[Work request]
Wherever the line that contains "Custom Pink White-Red" falls, repeat it and the lines after it exactly until the records end, without any pictures.

[Data records]
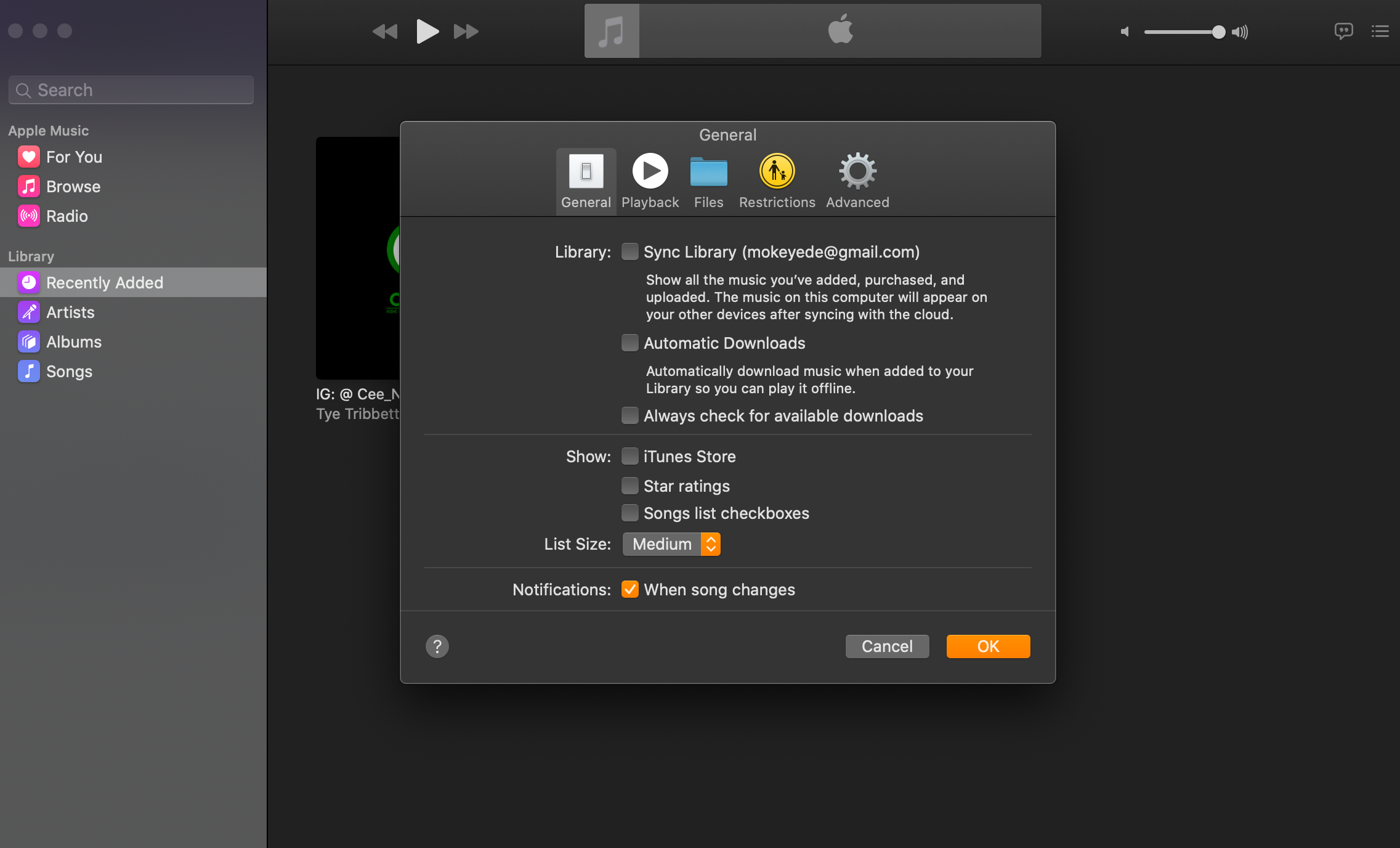 Apple Music General Settings on a Mac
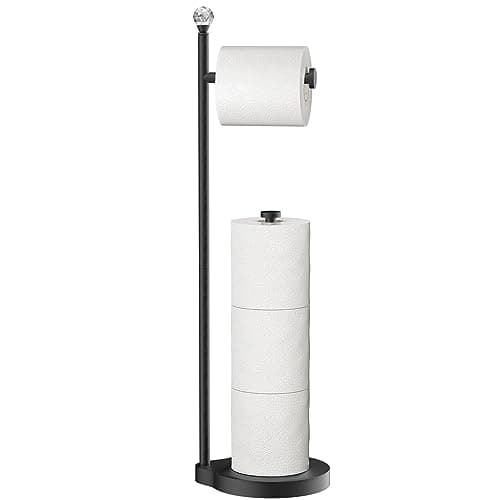 Heavy-Duty Metal-Free Toilet Paper Holder with Crystal Ball, Matte Black Stand — H- Matte Black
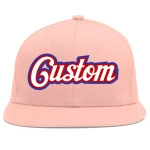 Custom Pink White-Red Flat Eaves Sport Baseball Cap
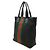 Gucci Nylon Canvas Leder Web Stripe Tote Bag Schwarz - Ansicht 2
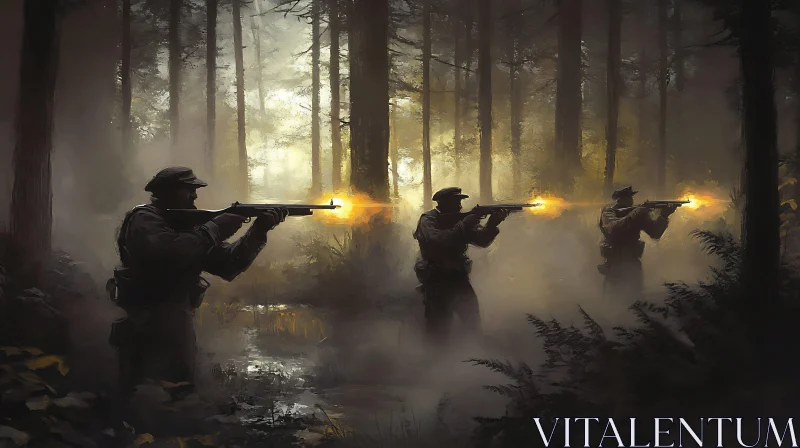 AI ART Soldiers Firing Rifles in Misty Forest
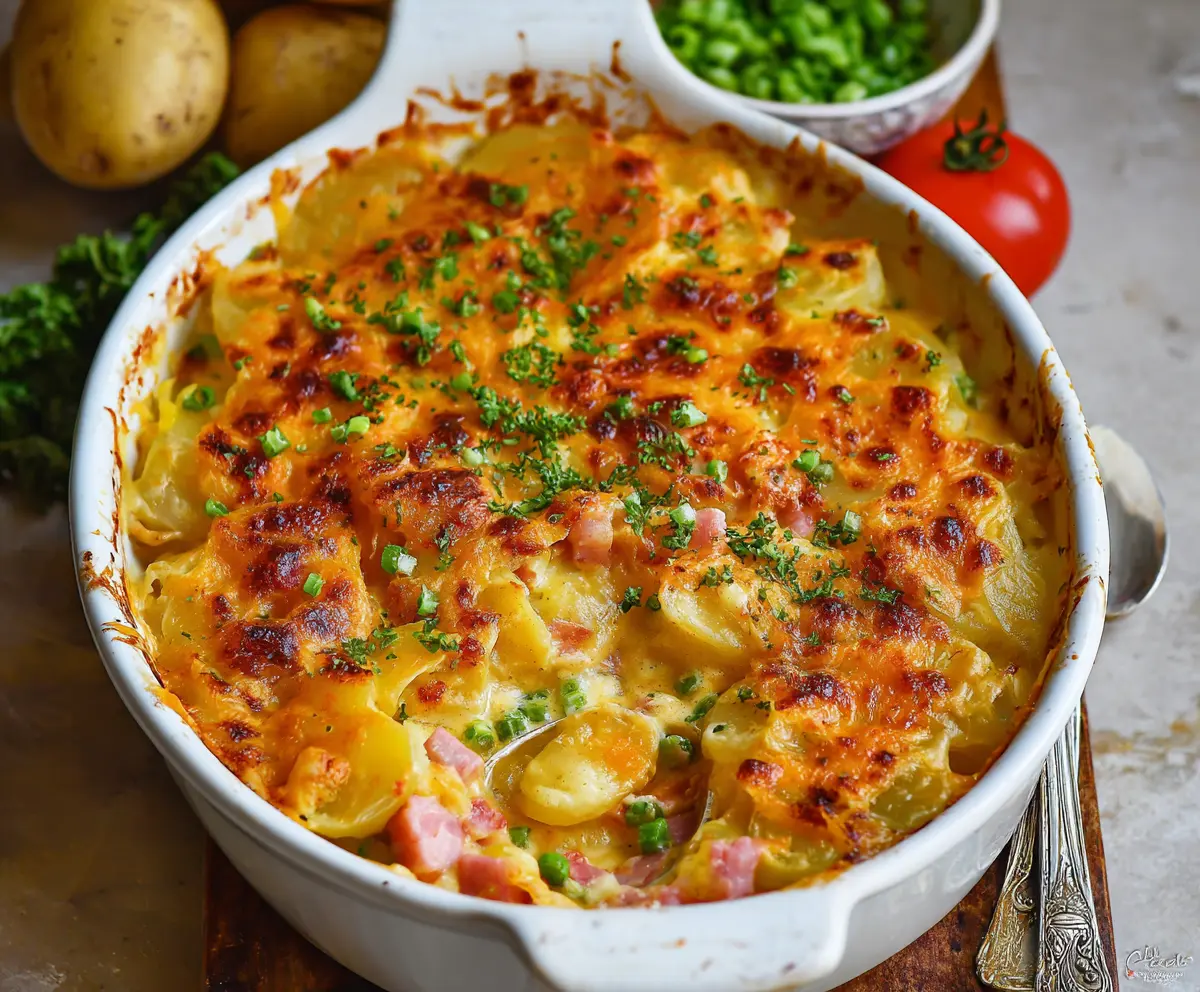 Delicious cheesy ham and potato casserole topped with golden melted cheese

[Exercise result]
 Custom Pink White-Red Flat Eaves Sport Baseball Cap
 Gucci Nylon Canvas Leder Web Stripe Tote Bag Schwarz - Ansicht 2
 AI ART Soldiers Firing Rifles in Misty Forest
 Delicious cheesy ham and potato casserole topped with golden melted cheese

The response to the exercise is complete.